The NAACP believes strongly that future leaders must be developed today, and such development is ongoing in the Youth & College Division, created in 1936. Today there are more than 30,000 young people representing 600 Youth Councils, High School Chapters and College Chapters actively involved in the fight for civil rights. The NAACP has one of the largest organized groups of young people of any secular organization in the country.
The Boston Branch’s Youth Council is active. Youth who are interested in joining the NAACP Youth Council should contact Kendra Gerald at firstname.lastname@example.org. The Youth currently meet in the NAACP office on Tuesday evenings at 5:30 pm. Please contact our office at 617-427-9494 if you would like more information.
The following is the structure of the NAACP’s Youth and College Division:
- JUNIOR YOUTH COUNCILS
Membership : Any person under the age of 13
Focus: Providing interactive and entertaining instruction on the history of Africans in the Diaspora (specifically the NAACP and the Civil Rights Movement) . Basic leadership development and community service are also key focus areas.
- YOUTH COUNCILS
Membership : Any person under the age of 25
Focus: Training and developing the skills necessary for leadership and activism. Mobilization, community education, and youth activities are essential focus areas of the Youth Council.
- HIGH SCHOOL CHAPTERS
Membership : Any person who is enrolled as a student in a high school or comparable secondary school
Focus : Training and developing the skills necessary for leadership and activism. Mobilization, community education, and youth activities are essential focus areas of the Youth Council.
- COLLEGE CHAPTERS
Membership : Any person under the age of 25 and/or currently enrolled as a student at a college or university
Focus: Training and fine-tuning intellectual and leadership skills manifest in an increased level of social and political activism.

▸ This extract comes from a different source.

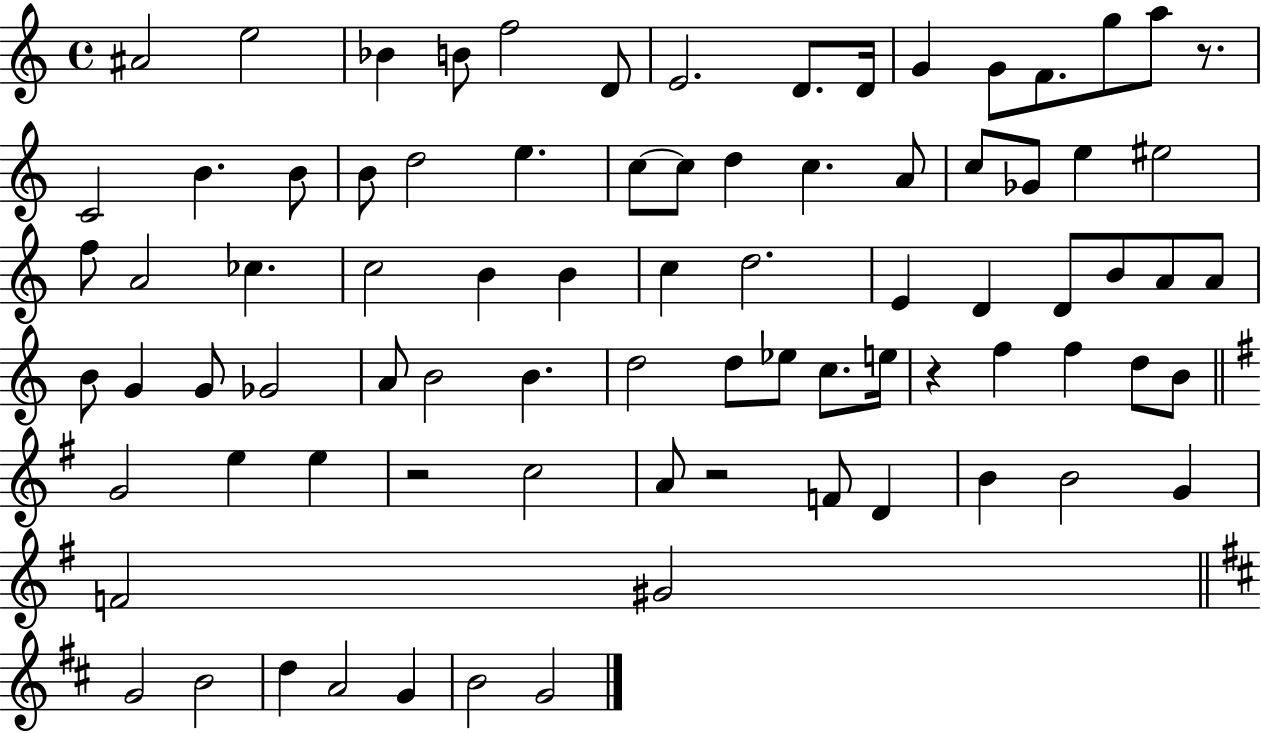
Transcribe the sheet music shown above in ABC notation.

ACT-SO is a yearlong enrichment program designed to recruit, stimulate, and encourage high academic and cultural achievement among African-American high school students. The program relies on the dedication and commitment of community and business leaders who volunteer as mentors and coaches to promote academic and artistic excellence. Through this collaborative effort, participating students develop the confidence and skills needed to excel in school and in life. Annually, participants compete in 26 categories, including in the sciences, humanities, business, and performing and visual arts. Some students are selected to compete at the annual National NAACP Conference.